The normalization approaches are proposed for the correction of indeterminate pathlength relative to quantitative FT-IR spectroscopy. Only a few microliters of sample solution is needed to produce a spectrum when using an FT-IR microscope with MCT detector. The amount of samples is decreased to a large extent for FT-IR quantitative analysis.

This quantitative FT-IR approach can potentially be extended to analyze monosaccharide ratios in complex carbohydrates. A chemometric approach to carbohydrate compositional analysis is much simpler and less time-consuming than current techniques such as GC, HPLC, and GC/MS, in which hydrolysis, derivation, and separation are required [14-16].

FIGURE 6. Predicted versus actual concentrations of glucose component in the disaccharide training set. Total factors: 20.

FIGURE 7. Predicted versus actual concentrations of galactose component in the disaccharide training set. Total factors: 20

REFERENCES

1. Brown, C. W., and Lynch, P. F., Anal. Chem. 54, 1472-1479 (1982).

2. Haaland, D. M., Easterling, R. G., Vopicka, D. A., Appl. Spectrosc. 39, 73-84 (1985).

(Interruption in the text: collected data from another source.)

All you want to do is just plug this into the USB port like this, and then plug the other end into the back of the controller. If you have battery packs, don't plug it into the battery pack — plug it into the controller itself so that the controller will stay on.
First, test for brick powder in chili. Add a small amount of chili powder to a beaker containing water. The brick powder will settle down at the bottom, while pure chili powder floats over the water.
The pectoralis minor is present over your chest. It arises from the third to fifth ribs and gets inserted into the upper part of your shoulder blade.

3. Fredericks, P. M., Lee, J. B. Osborn, P. R., Swinkels, D. A. J., Appl. Spectrosc. 39, 303-310 (1985).

4. Cahn, F., and Compton, S., Appl. Spectrosc. 42, 865-872 (1988).

5. Haaland, D. M., and Thomas, E. V., Anal. Chem. 60, 1193-1202 and 1202-1208 (1988).

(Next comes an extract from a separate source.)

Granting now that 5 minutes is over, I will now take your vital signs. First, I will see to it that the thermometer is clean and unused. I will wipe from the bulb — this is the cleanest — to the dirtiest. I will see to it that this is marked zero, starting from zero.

6. Haaland, D. M., Anal. Chem. 60, 1208-1217 (1988).

7. Donahue, S. M., Brown, C. W., Caputo, B. Modell, M. D., Anal. Chem. 60, 1873-1878 (1988).

8. Fuller, M. P., Ritter, G. L., Draper, C. S., Appl. Spectrosc. 42, 217-227 (1988).

9. Seashotz, M. B., Archibald, D. D., Lorber, A., Kowalski, B. R., Appl. Spectrosc. 43, 1067-1072 (1989).

10. Thomas, E. V., and Haaland, D. M., Anal. Chem. 62, 1091-1099 (1990).

11. Kemsley, E. K., Zhuo, L., Hammouri, M. K., Wilson, R. H., Food Chem. 44, 299-304 (1992).

12. Geladi, P., MacDougall, D., Martens, H., Appl. Spectrosc. 39, 491-500 (1985).

13. Galactic Industries Co. Salem, NH, PLSplus Manual

14. Chaplin M. F. and J. F. Kennedy, Carbohydrate Analysis, A Practical Approach, IRL Press, 1994.

15. El Rassi, Z., Carbohydrate Analysis, High Performance Liquid Chromatography and Capillary Electrophoresis, Elsevier Press, 1995.

16. Herderich, M., and Schreier, P., Phytochemical Analysis 4, 256-260 (1993).